Food and wine writer Cynthia Nims reports on another strategy on her blog, Mon Appétit. Cynthia discovered a line of branded wines called “Wine that Loves” that are intended to simplify the wine-food pairing choice. Are you looking for something to serve with roast chicken? Pick up “Wine that Loves Roast Chicken.” Fish tonight? Look for “Wine that Loves Grilled Salmon.”
The chicken wine is “Predominantly Garnacha” according to the label — not a wine that an overwhelmed consumer would probably risk as a varietal choice, but might try and like in this format. The salmon wine is a Pinot Grigio/Garganega/Chardonnay blend. I like this concept because it links wine to food, which is very important, and encourages experimentation. It will be interesting to see if buyers embrace it or if it is just a novelty that soon fades.

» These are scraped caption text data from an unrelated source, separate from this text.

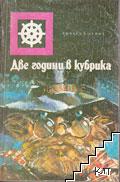 Две години в кубрика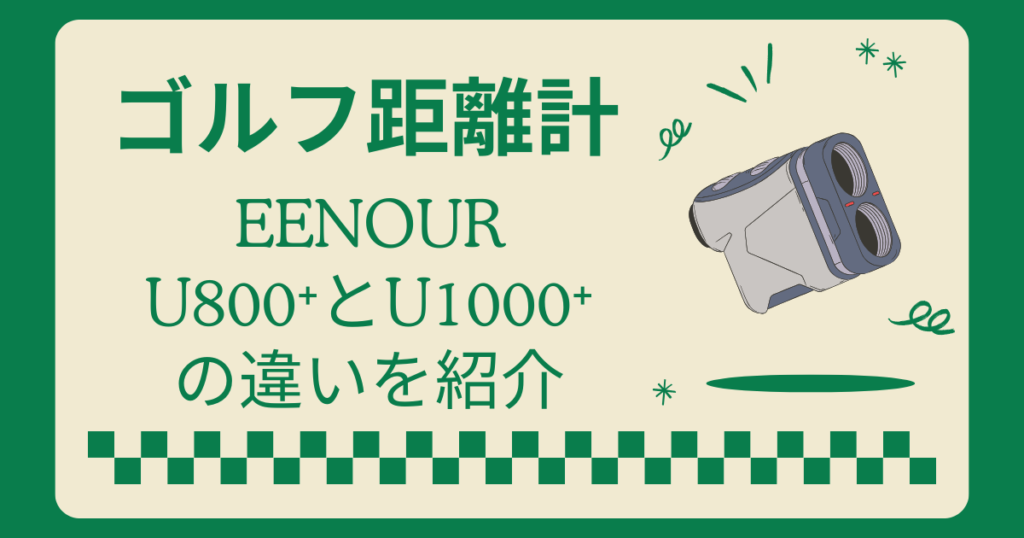 ゴルフ距離計のEENOUR U800＋とU1000Pro＋の違い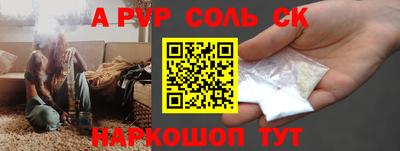 меф VHQ Краснокаменск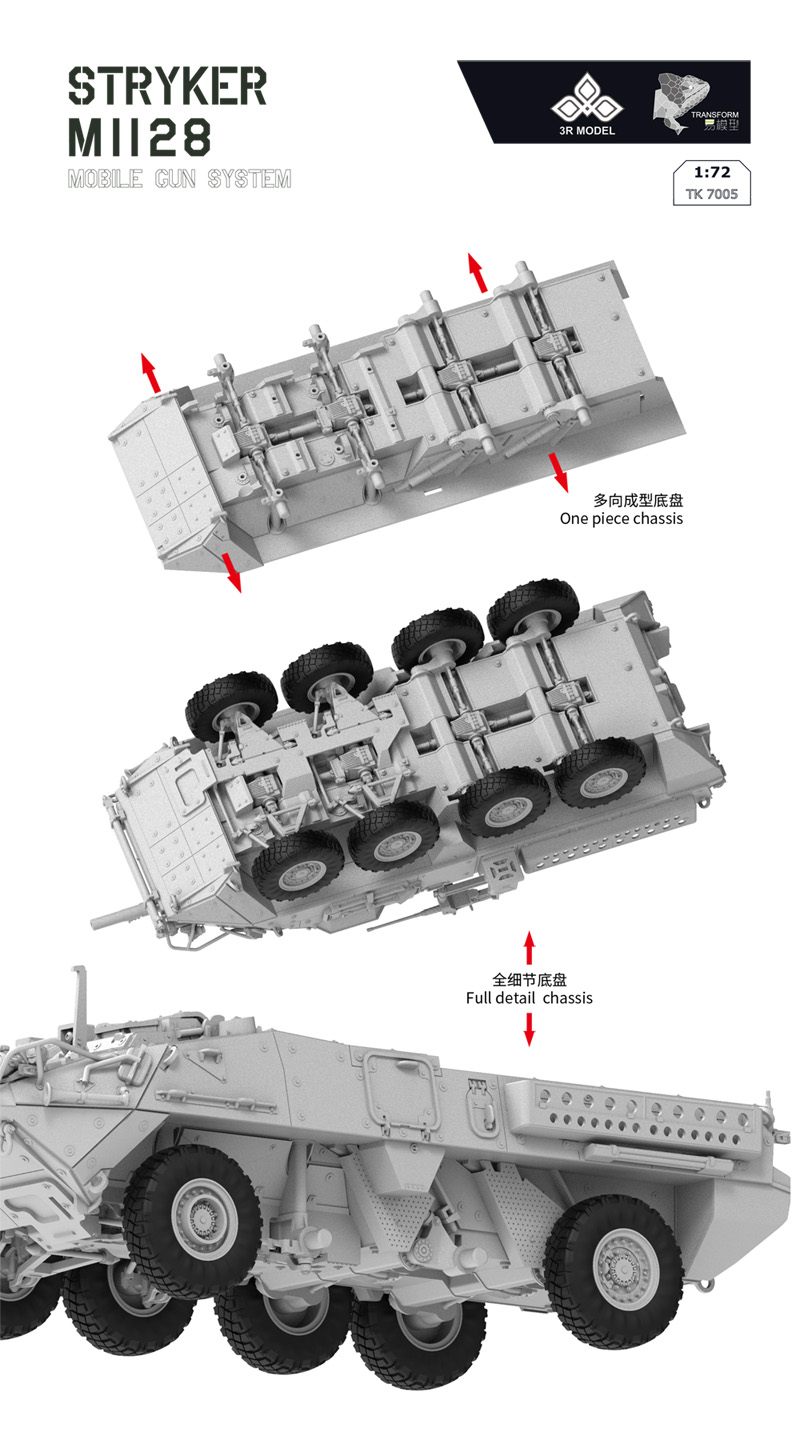 tk7005 de1.jpg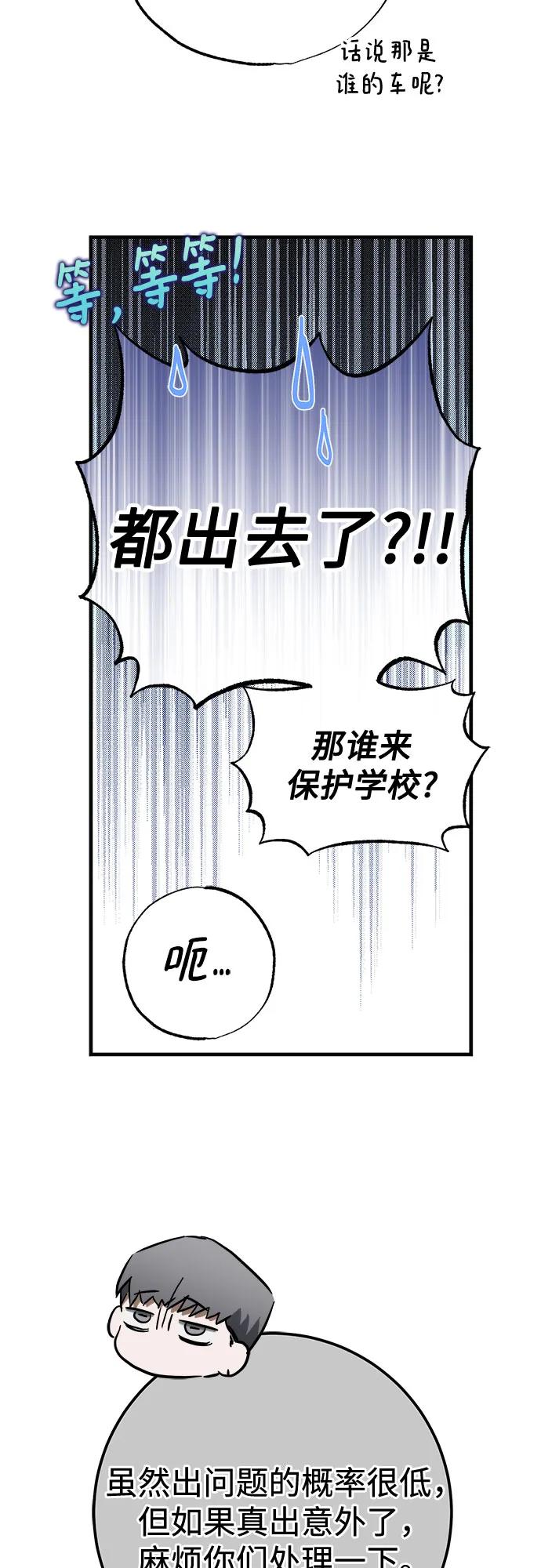 《残影之夜》第87话 第17页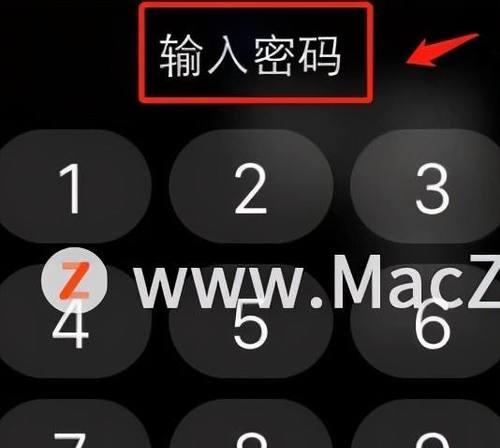 手机密码忘了怎么办？解锁教程（忘记手机密码时，如何解锁手机并重新设置密码）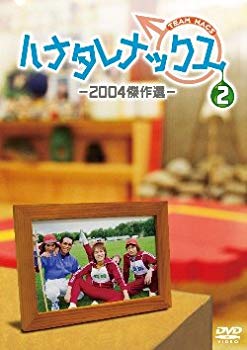 【中古】(未使用・未開封品) ハナタレナックス 第2滴 -2004傑作選 [DVD] 7z28pnb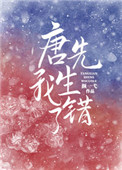 捷德奥特曼免费观看
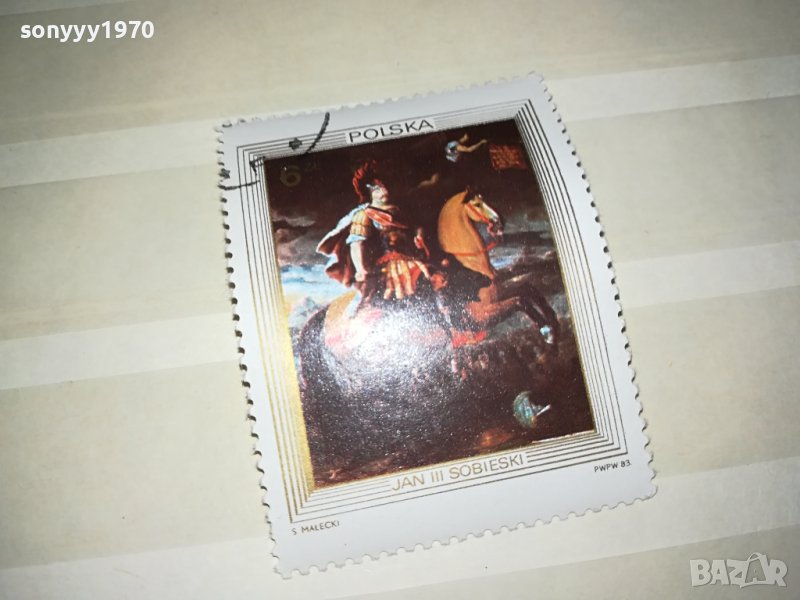 JAN III SOBIESKI-POLSKA МАРКА 0310231100, снимка 1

The British System of House Brands
Great Britian is the most important wine market in the world in part because British retailers have developed a number of successful strategies to increase wine buyer confidence. Supermarkets are the big players in the U.K, and house brands are key to their wine strategies. Tesco, Waitrose, Sainsbury’s and Marks & Spencer all have their own brands of wine (sourced from around the world). Buyers are willing to try an unfamiliar wine because their confidence in the supermarket chain transfers over the the wine.
(It doesn’t hurt that at least some of the house brand wines are very good, of course. A M&S house brand wine is one of the highest-rated New World Sauvignon Blancs in the current Decanter ratings, for example.)

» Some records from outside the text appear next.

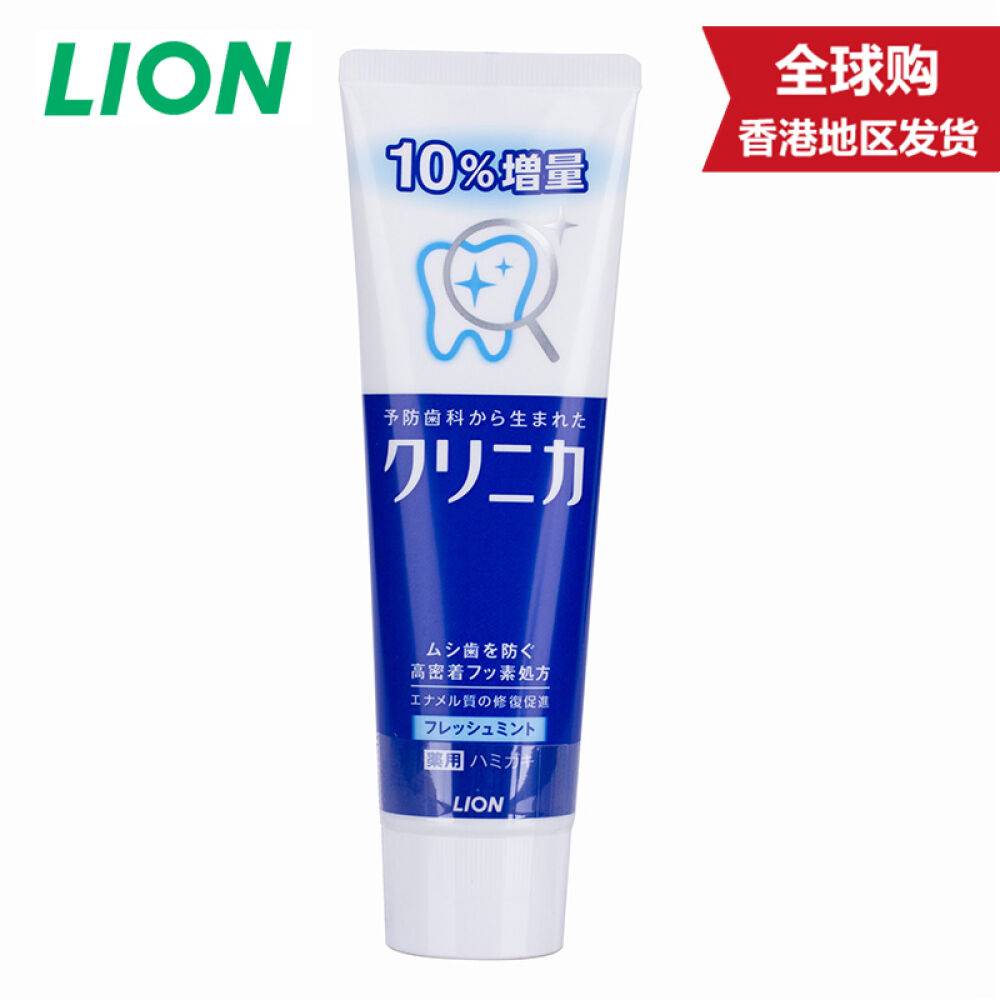 【香港地区直邮】狮王（Lion）酵素美白除垢护齿牙膏超爽薄荷蓝色143g加量装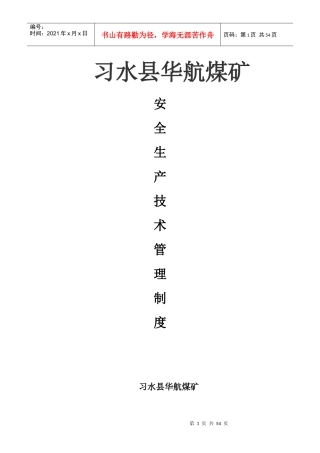 某煤矿安全生产技术管理制度汇编(DOC 97页)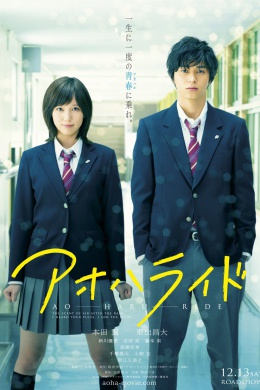 posterpic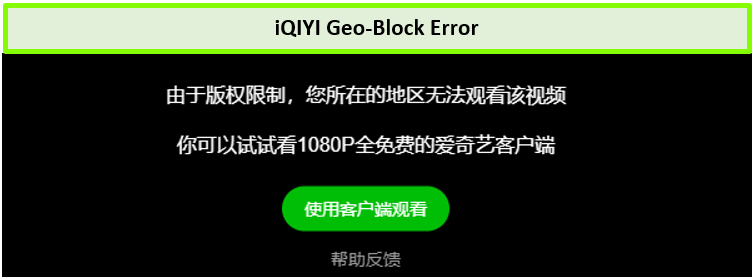 iQIYI-geo-block-error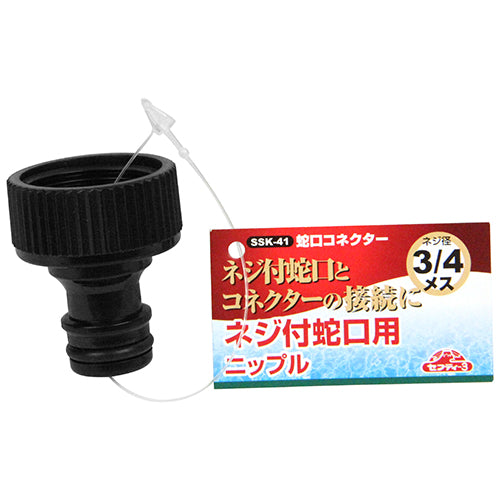 蛇口コネクター セフティ-3 散水用品 散水パーツ SSK-41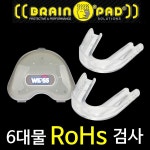 브레인패드 마우스피스 수면용 치아보호 2개 : 제이에스랜드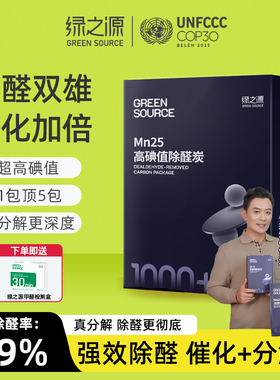 绿之源活性炭包Mn25活性锰去除甲醛异味新房装修家用吸附高碘值
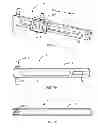 Fig. 06 - Universal adjustable marine deck fill lid key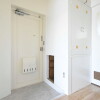 2DK Apartment to Rent in Tochigi-shi Interior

Trader Joe’s uses this strategy here in the U.S. (I have written about this in 300 Million Bottles of Two Buck Chuck). Trader Joe’s sells vast quantities of Charles Shaw (a.k.a. Two Buck Chuck) wine each year and the key is reputation. Not the wine’s reputation — the store’s. Trader Joe’s has a reputation for value and quality, which lends credibility to their house brand wine. As I have said before, the miracle of Two Buck Chuck isn’t that you can sell a wine for $1.99, it is that you can get anyone to buy it. The $1.99 price point just screams “rotgut.” But people happily buy wine at Trader Joe’s at price points they would never think of considering at Safeway or Kroger because they have confidence in the TJ brand.

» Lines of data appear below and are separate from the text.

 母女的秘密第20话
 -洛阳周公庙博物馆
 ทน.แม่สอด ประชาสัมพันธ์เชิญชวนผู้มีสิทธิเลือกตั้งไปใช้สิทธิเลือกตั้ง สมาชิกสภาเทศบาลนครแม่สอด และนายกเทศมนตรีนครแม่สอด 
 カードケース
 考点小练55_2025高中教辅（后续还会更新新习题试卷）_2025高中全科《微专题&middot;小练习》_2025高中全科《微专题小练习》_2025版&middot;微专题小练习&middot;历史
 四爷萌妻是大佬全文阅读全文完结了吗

My local upscale grocer, Metropolitan Market, is trying the house brand route, apparently with success. For the last year or so they have occasionally stocked limited-release house brand wine specials such as the 2007 Columbia Valley “White Selection #1” shown here. The wines go for $8 per bottle or $88 per case and they are stacked in big displays that remind me of, well, Trader Joe’s.
These house brand wines are kind of interesting. The first release of the year was a Rosé — hardly an easy sale given upmarket consumer resistance to pink wines (too close to White Zin!) and the chilly spring we have had — and now a white that turns out on close inspection to be an oak-free Semillon blend. I like Semillon quite a bit, but I don’t think you could sell it by the case at a neighborhood grocery store with a traditional brand name and varietal label. But “Met Market White #1” and the Rosé are products that buyers seem to embrace as safe bets and good values because of the store’s reputation for quality.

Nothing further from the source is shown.